SAINTS PRESERVE US
The Heartbleed of America
Years ago a friend of mine e-mailed me a link which I clicked on. Attention: You have reached the very last page of the Internet. We hope you have enjoyed your browsing. Now turn off your computer and go outside. I laughed; I spat coffee. The absurdity of the joke is profound.
Last week we learned there was something behind and beyond the endpapers of the great grid. The Internet has had a wide open back door into many reputedly secure sites for the past two years. The bug, as you know, is called Heartbleed. Its genesis is a coding flaw, perhaps an incorrect alpha-numeric sequence mis-hunted-and-pecked on a QWERTY keyboard by a tired programmer. Simple as that.

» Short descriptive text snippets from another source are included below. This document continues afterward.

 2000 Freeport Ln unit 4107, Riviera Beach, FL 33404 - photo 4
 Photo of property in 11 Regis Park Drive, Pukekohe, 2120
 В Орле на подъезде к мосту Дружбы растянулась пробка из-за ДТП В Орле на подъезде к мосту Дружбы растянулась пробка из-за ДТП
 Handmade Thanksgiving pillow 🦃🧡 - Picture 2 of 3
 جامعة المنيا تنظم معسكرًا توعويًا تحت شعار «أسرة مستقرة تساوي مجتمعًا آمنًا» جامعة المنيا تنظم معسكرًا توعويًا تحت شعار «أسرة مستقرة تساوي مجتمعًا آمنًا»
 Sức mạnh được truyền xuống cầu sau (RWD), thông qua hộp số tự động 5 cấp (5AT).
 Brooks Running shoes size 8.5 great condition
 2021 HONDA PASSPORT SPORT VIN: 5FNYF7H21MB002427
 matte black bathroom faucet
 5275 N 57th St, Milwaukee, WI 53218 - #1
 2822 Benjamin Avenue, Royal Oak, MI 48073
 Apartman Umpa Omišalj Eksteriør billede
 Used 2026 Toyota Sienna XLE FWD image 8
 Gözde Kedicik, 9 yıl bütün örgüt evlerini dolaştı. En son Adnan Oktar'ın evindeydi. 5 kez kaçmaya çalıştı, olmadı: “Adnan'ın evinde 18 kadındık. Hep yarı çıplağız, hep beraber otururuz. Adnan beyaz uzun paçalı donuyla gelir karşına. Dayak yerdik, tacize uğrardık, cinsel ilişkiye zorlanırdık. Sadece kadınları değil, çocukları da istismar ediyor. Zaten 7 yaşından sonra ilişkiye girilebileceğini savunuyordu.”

More disturbing was Friday’s revelation that the post-9/11 and now massive ‘peculiar service’ infrastructure of the United States, specifically the National Security Agency (NSA), Washington’s signal intelligence (SIGINT) ‘listeners,’ knew the screen door was unhooked and banging in the breeze from the get-go. There must’ve been other crepe soled feet on the porch. It stands to reason that Communications Security Establishment Canada (CSEC) was either aware or made aware by the NSA of the delicious scents wafting out of the figurative kitchen. It’s possible therefore that the three other countries comprising the allied SIGINT Five Eyes, the United Kingdom, Australia and New Zealand, knew about the Heartbleed bug too. And if our spooks did, well, you can bet the Chinese and the Russians and other interested parties were right there.
Nobody in the secret world breathed a word. The Heartbleed bug was something to exploit, not patch as a public service. Agencies like the NSA and CSEC are supposed to be on our side.
What is the price of mandated silence? For General Motors, bailed out by the governments of two countries in the wake of the 2008 financial meltdown, the toll is 15 customers dead because being tight lipped for a decade over a faulty $5 part seemed to be the prudent course of inaction. Heartbleed is not a life and death matter, though it’s indicative of the fundamental conflict in the Information Age: an individual’s right to privacy versus a state’s requirement to know.